Thomas lu - - 34 ans - 11 novembre 2019


Avoir froid en Dieu 8 étoiles

En 1946, Louis Bapaume est l’organiste de la basilique Notre-Dame de Montréal. Même s’il joue de la musique sacrée il a tout de même froid au ciel. Dieu n’est pas sa tasse de thé. C’est un homme naïf, mais surtout timoré quand il s’agit d’aborder autrui.

Vingt ans plus tard, il revient en pleine tempête de neige à Saint-Aldor, le petit village où, jeune organiste frais émoulu, il fut professeur de musique. Accueilli par le chef de gare mélomane, il apparaît à ses yeux comme un homme étrange, mais sympathique.

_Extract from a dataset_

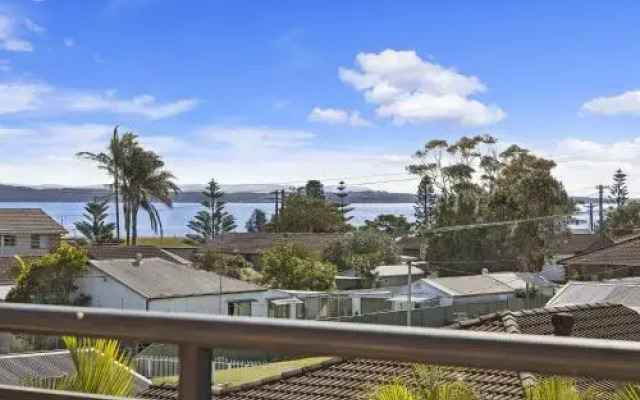 Mcgirr Penthouse Apartment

Ayant enseigné à Julia von Croft en même temps qu’à sa jumelle, Geneviève, il veut les revoir. Qu’est-ce qui a bien pu se passer entre lui et Julia, vingt ans auparavant? II se révèle peu à peu qu’il a se faire «acquitter» des sévices qu’il aurait fait subir à Julia.

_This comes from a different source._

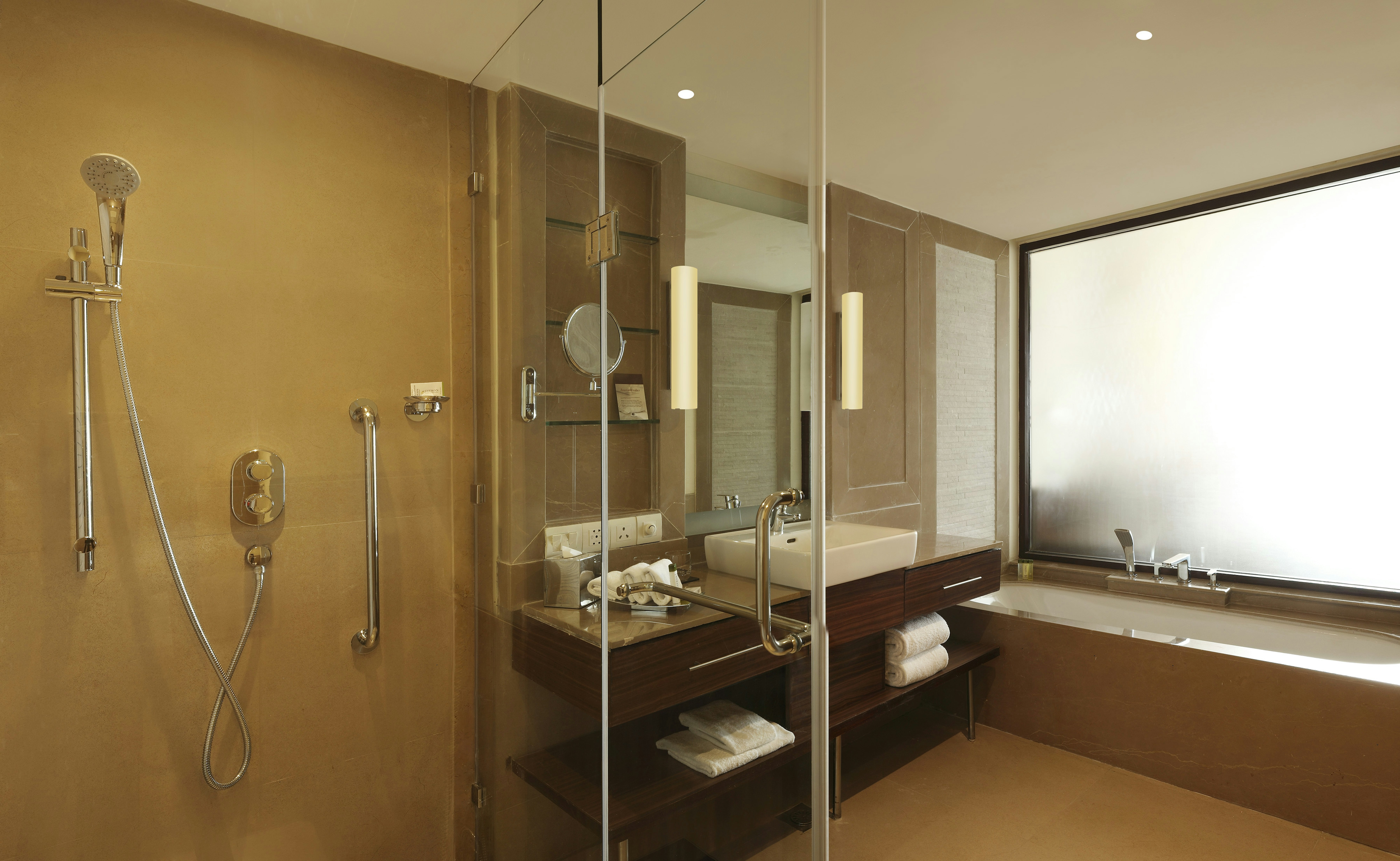 DoubleTree by Hilton Agra 72/73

Grâce à Maurice, un adolescent à la voix d’or, le héros se réconcilie avec lui-même. Il voit en lui un jumeau. Il lui est d’autant plus précieux que c’est par lui qu’il apprendra qu’il est le compositeur d’une partition dont il est assez fier. Est-ce suffisant pour se pardonner de ses offenses ? Voire même de se pardonner de vivre ? Il se sent coupable de tous les maux de la terre, voire même de la mort de son père. « Aucun péché, lui dit Maurice, ne justifie la punition de voir mourir ceux qu’on aime. » C’est en s’acquittant de ses soi-disant fautes, qu’il pourra finalement vivre sa propre vie. Cesser de souffrir en prenant aussi conscience de toute la souffrance du monde. L’exorciser en s’approchant de la figure qui incarne la douleur, soit celle du chien qu’il caresse pour se débarrasser de ses craintes enfantines. Cesser de se replier sur soi pour revenir à la musique qui le libère, voire même qui le conduit à Dieu.

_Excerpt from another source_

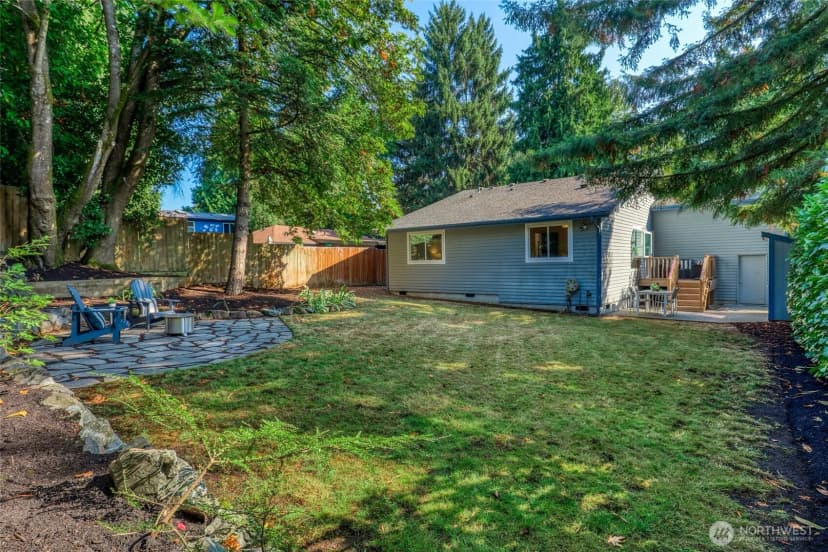 Property photo for 13715 26th Avenue Ne, Seattle photo 18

Il a donc trouvé à Saint-Aldor ce qu’il cherchait sans le savoir : la musique et une certaine sérénité. Il repart aussi honteux et humilié qu’avant, mais l’acquittement ne lui importe plus puisque ce voyage lui a permis de se dégager d’une mémoire encombrée et encombrante, de cesser d’être trop orgueilleux, trop vaniteux. Il va donc devoir passer par la perte de soi, pour retrouver une présence dans un ciel qu’il avait cru vide. Il connaît une assomption que la plume de l’auteur rend des plus céleste.